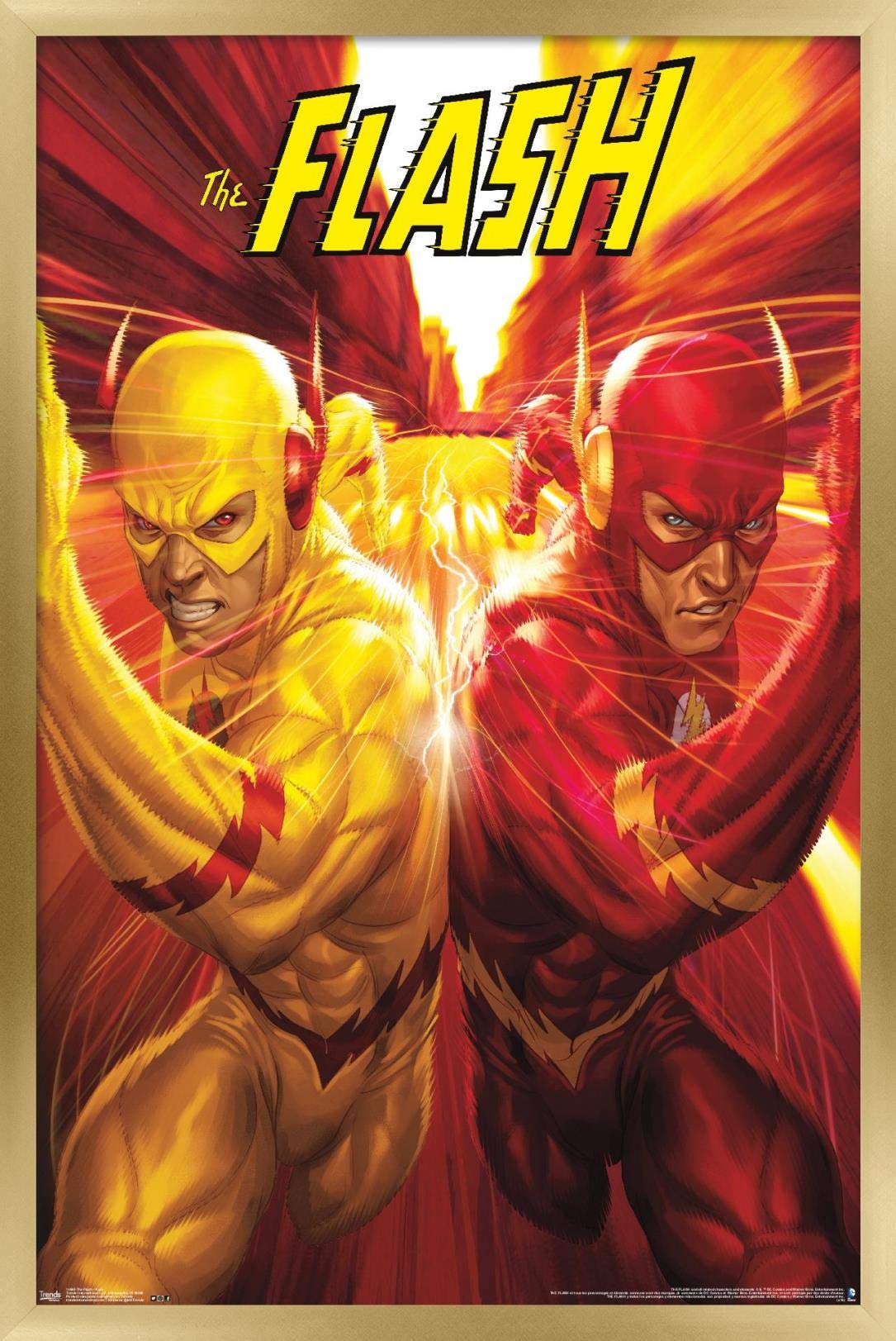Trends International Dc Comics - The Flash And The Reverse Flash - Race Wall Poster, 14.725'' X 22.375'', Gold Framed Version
○ ○ ○ ○ ○
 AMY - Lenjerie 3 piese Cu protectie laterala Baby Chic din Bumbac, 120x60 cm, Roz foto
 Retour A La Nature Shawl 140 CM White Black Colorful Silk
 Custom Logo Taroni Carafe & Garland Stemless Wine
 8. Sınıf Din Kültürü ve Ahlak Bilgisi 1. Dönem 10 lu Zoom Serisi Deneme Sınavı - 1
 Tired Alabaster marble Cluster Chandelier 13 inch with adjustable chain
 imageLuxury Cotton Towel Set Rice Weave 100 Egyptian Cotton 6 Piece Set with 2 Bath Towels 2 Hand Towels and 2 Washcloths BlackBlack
○ ○ ○ ○ ○
*Problem requirements*. Only those lines of the entries above that run from the line containing "8. Sınıf Din" to the line containing "imageLuxury Cotton Towel", both included, should be transcribed exactly.

*Expected output*.
 8. Sınıf Din Kültürü ve Ahlak Bilgisi 1. Dönem 10 lu Zoom Serisi Deneme Sınavı - 1
 Tired Alabaster marble Cluster Chandelier 13 inch with adjustable chain
 imageLuxury Cotton Towel Set Rice Weave 100 Egyptian Cotton 6 Piece Set with 2 Bath Towels 2 Hand Towels and 2 Washcloths BlackBlack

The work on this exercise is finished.